Date: Tue, 5 Dec 1995 09:50:59 -0500
From: gls@atpsol.cvu.att.com (G. L. Sicherman)
To: rusin@math.niu.edu
Subject: coinage

	Date: Tue, 5 Dec 95 00:21:55 CST
	From: rusin@math.niu.edu (Dave Rusin)
	To: gls@hrcms.att.com
	Subject: Re: Sylver Coinage - {8,26,30} has an odd winning move

	1. Could you summarize what the problem is? I don;t think I've ever
	heard of it except in this newsgroup.

Sylver Coinage is J. H. Conway's game of denomination.  Two players take
turns naming denominations of coins.  No new coin may be expressible as
a sum, with multiples, of previous coins.  The player who names 1 loses.

Example:
		 4
		  	5 (not a multiple of 4)
		11	  (not a sum of 4's and 5's)
		        7 (not a sum of 4's, 5's, and 11's)
		 6	  (etc.)
			2
		 3
			1 (loses)

The game must end (why?), but need not have a time limit at first.

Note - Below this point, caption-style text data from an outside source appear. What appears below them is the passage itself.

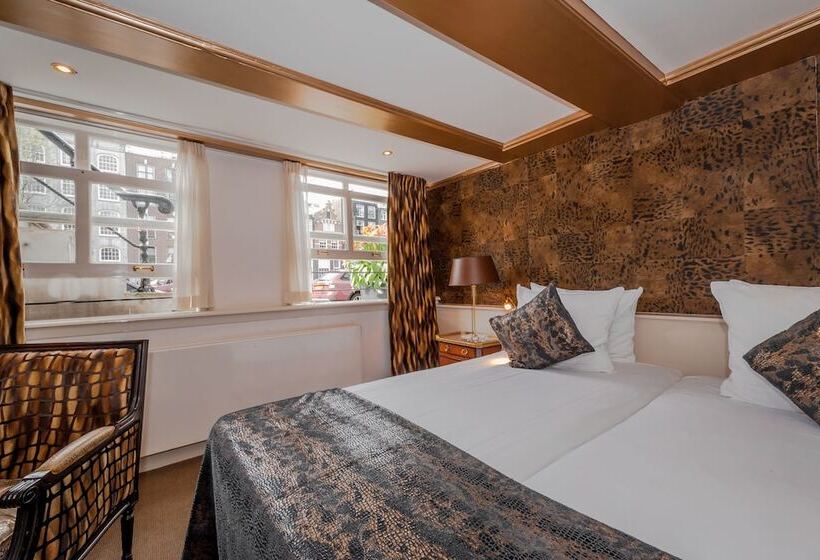 Classic Room, Ambassade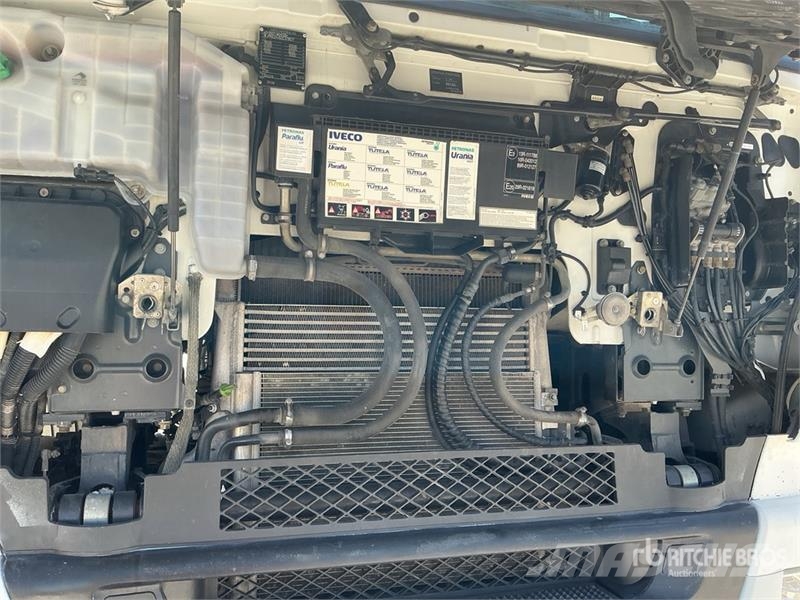 Iveco Stralis 510 4x2 S/A Sleeper Truck Tractor 트랙터 유닛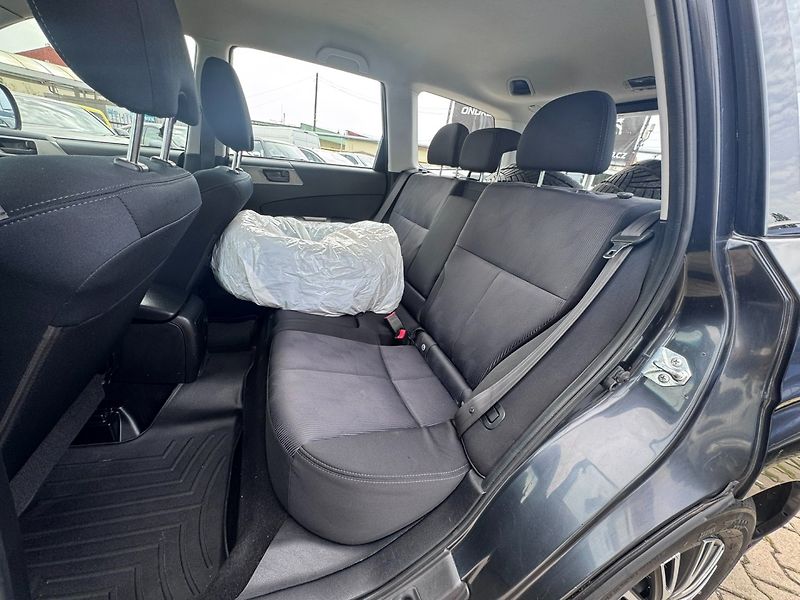 Subaru Forester (2009) 4X4 2,0i 110KW 2. MAJ KM TAŽNÉ - fotka 35 z 50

	4, 99999, 99998, 99997, 99995, ...
	4, 999999999, ...

Any prime greater than 3 is a winning first move.  See _Winning Ways_
for proof.  Some other safe positions are {2,3} (no moves left but 1!),
{4,5,11}, {4,6}, {6,9}, {8,12}, {8,14}, and {10,26}.  The chief question
in Sylver Coinage is which positions are safe, especially with g.c.d. > 1.

The literature is sparse.  Vol. 2 of _Winning Ways,_ occasional updates
by R. K. Guy in the _Monthly,_ Nowakowski's 1991 paper in _Combinatorial
Games,_ and my unpublished paper of the same year.

[deletia - djr]

					--Col. G. L. Sicherman
					  gls@hrcms.att.com